**ACTION ITEM**:
Look through the data below for the line with "a living room" and the line with "man slicing red", then transcribe exactly from the first through the second, leaving out all pictures.
___ MATERIAL TO PROCESS ___
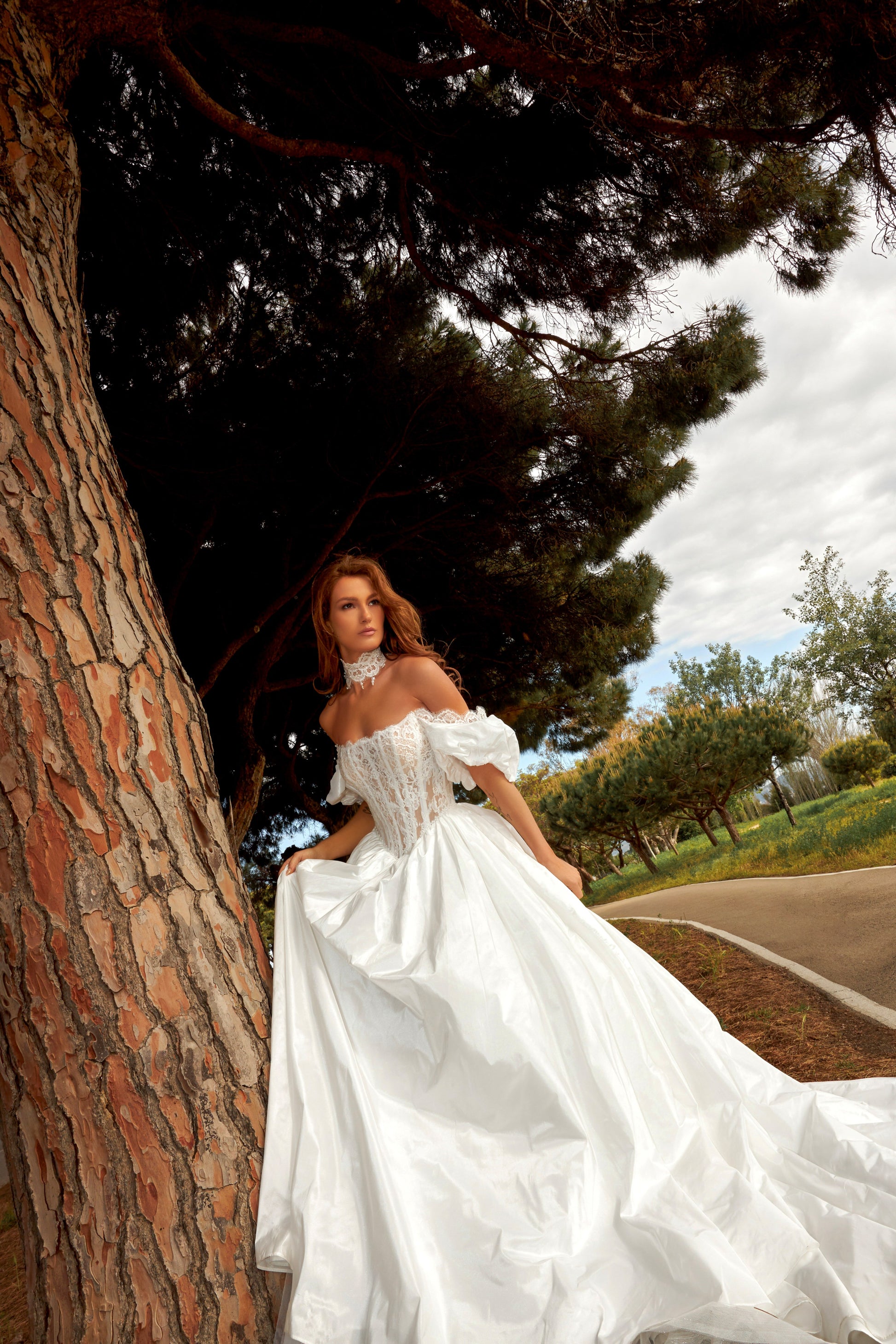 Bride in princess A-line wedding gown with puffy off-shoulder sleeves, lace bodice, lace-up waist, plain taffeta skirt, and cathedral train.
___
___ MATERIAL TO PROCESS ___
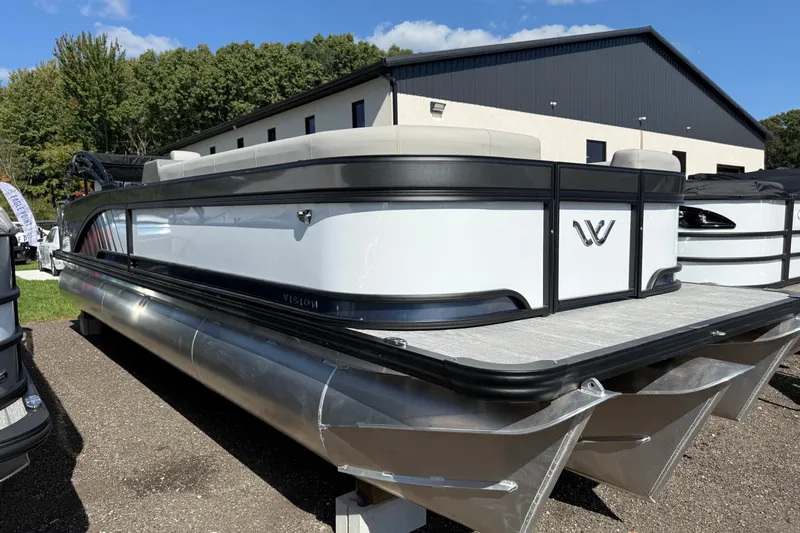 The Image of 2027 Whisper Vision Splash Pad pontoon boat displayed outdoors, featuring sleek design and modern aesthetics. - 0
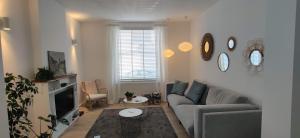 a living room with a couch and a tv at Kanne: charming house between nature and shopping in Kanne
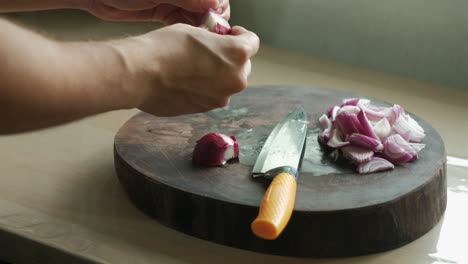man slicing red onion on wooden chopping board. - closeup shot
___
**ANSWER SECTION**:
 a living room with a couch and a tv at Kanne: charming house between nature and shopping in Kanne
man slicing red onion on wooden chopping board. - closeup shot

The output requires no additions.